**YOUR OBJECTIVE**
Working from the data below, write out exactly the lines from its first through the line that contains "під час тривог", both ends included and pictures omitted.

**DATA FOR THE TASK**

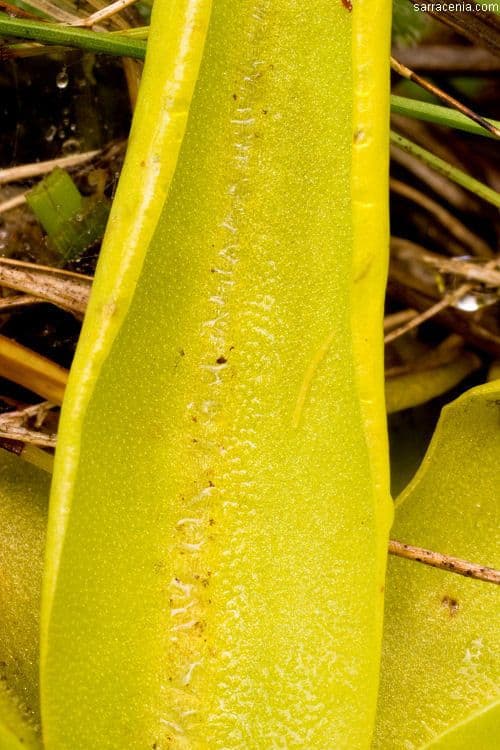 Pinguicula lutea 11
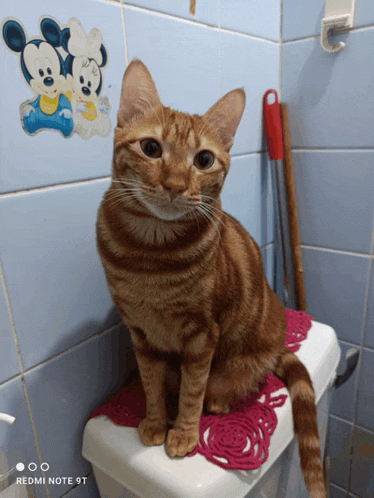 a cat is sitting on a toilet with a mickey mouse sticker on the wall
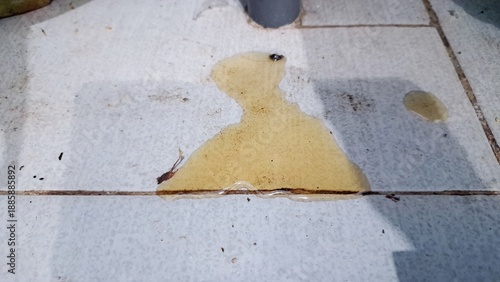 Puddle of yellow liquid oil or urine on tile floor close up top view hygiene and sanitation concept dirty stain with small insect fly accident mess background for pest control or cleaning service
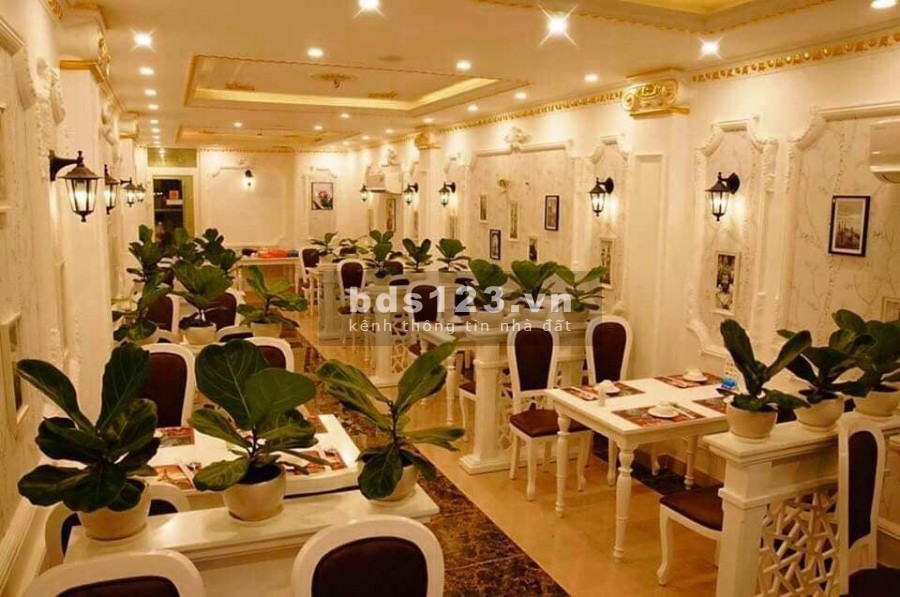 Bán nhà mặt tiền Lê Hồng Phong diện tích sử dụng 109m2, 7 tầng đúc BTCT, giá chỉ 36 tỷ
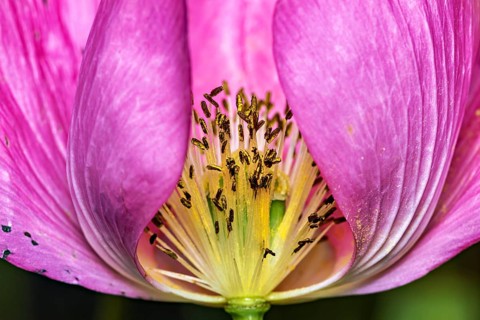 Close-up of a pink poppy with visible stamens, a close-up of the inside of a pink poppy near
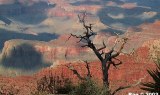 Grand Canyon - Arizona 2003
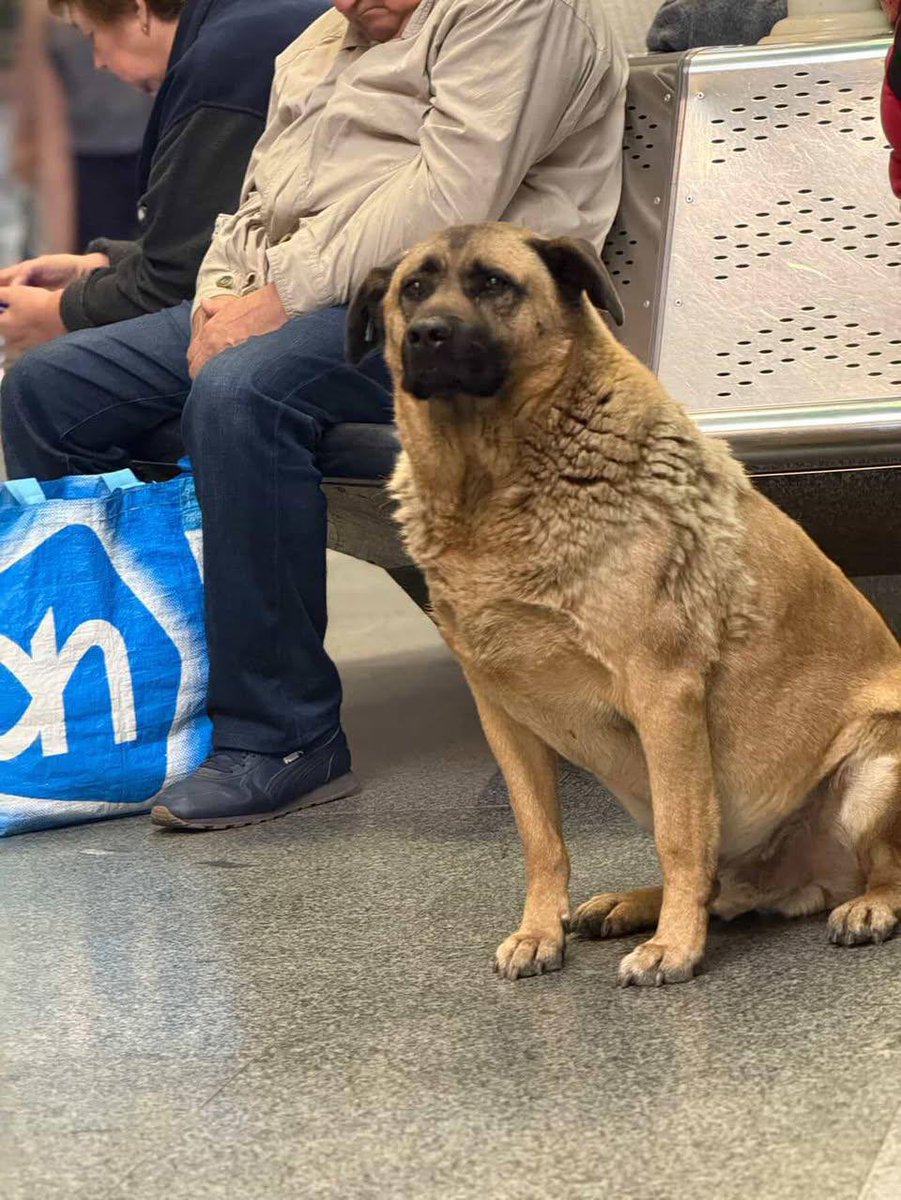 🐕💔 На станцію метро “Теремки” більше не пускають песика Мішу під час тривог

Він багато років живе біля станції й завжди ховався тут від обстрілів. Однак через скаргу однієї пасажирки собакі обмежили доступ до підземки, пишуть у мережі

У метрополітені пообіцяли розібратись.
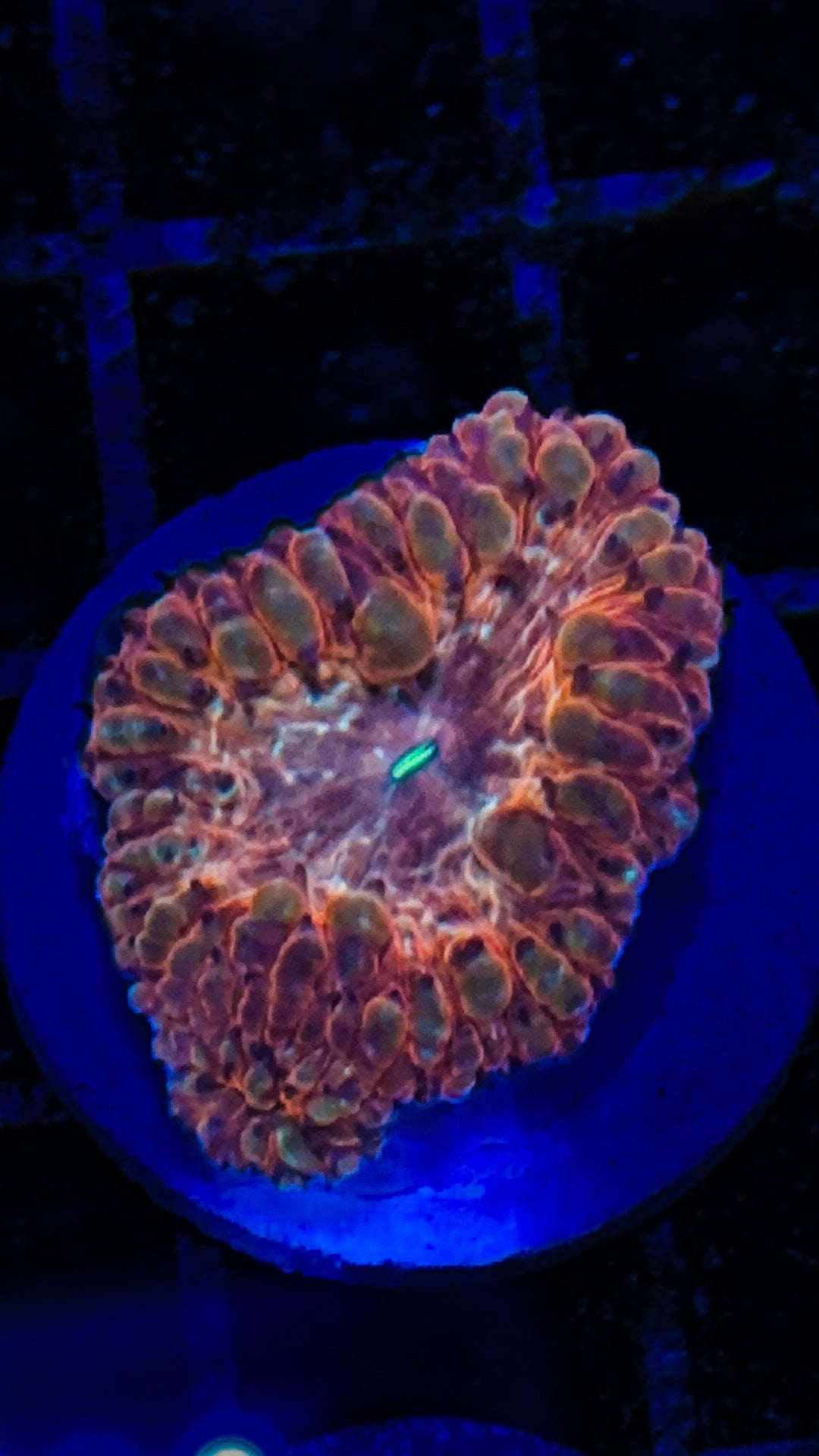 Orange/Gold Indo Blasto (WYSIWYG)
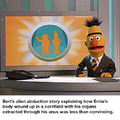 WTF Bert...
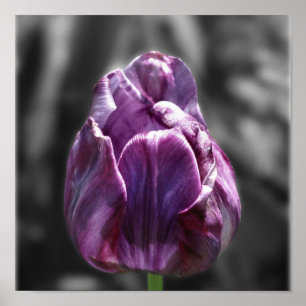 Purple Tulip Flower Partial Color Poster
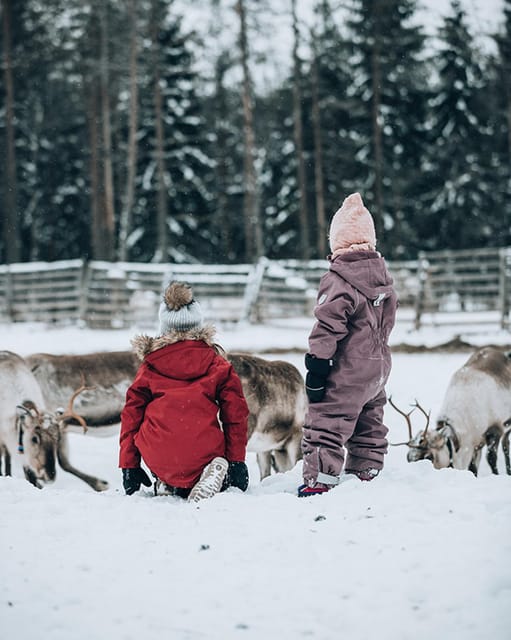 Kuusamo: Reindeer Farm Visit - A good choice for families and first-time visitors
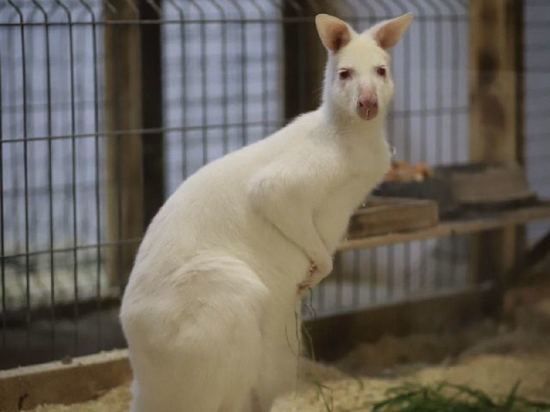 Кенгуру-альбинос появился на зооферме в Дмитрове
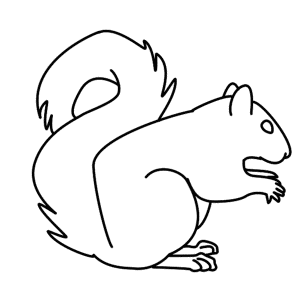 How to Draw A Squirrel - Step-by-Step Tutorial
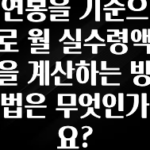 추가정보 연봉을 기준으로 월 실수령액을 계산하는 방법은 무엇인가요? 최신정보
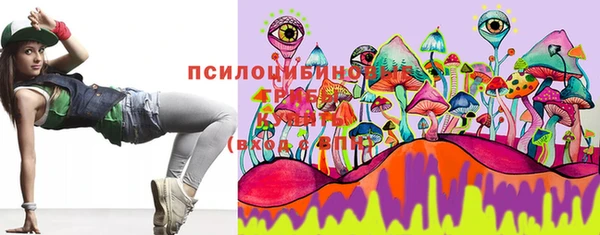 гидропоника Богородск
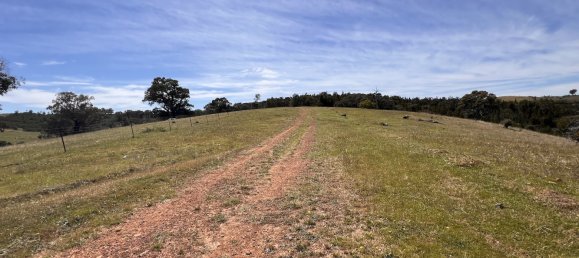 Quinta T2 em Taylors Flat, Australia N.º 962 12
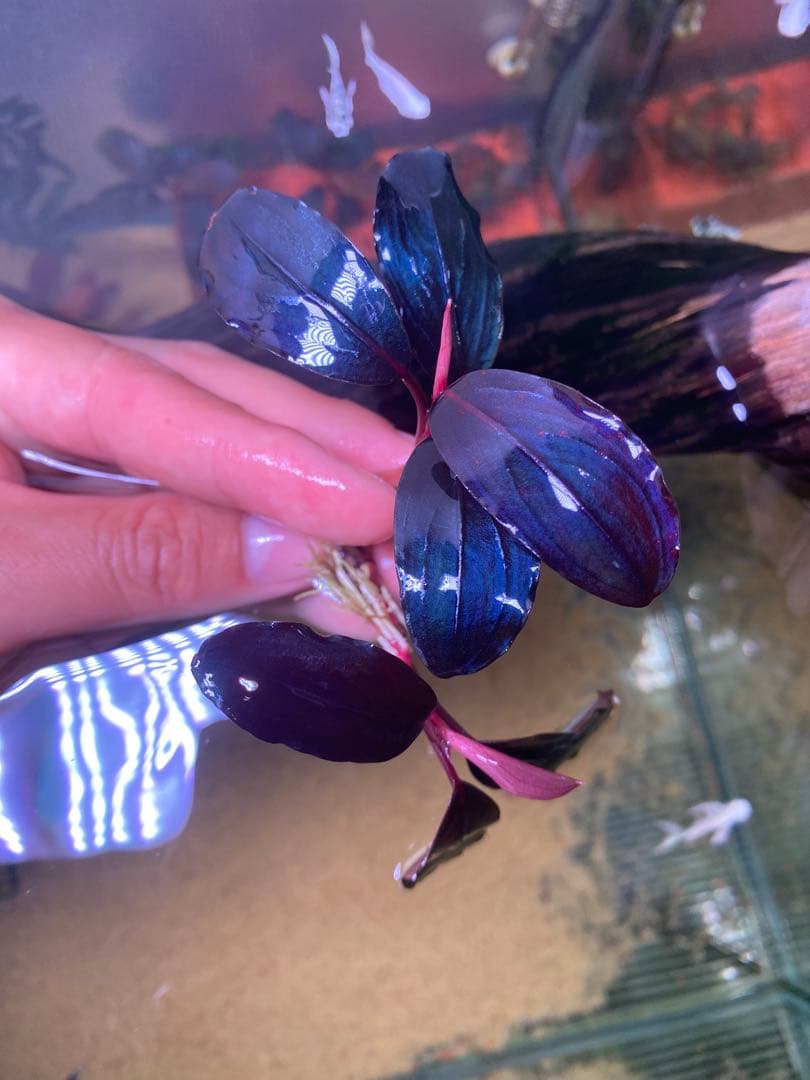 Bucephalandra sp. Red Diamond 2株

**REPLY**
 Pinguicula lutea 11
 a cat is sitting on a toilet with a mickey mouse sticker on the wall
 Puddle of yellow liquid oil or urine on tile floor close up top view hygiene and sanitation concept dirty stain with small insect fly accident mess background for pest control or cleaning service
 Bán nhà mặt tiền Lê Hồng Phong diện tích sử dụng 109m2, 7 tầng đúc BTCT, giá chỉ 36 tỷ
 Close-up of a pink poppy with visible stamens, a close-up of the inside of a pink poppy near
 Grand Canyon - Arizona 2003
 🐕💔 На станцію метро “Теремки” більше не пускають песика Мішу під час тривог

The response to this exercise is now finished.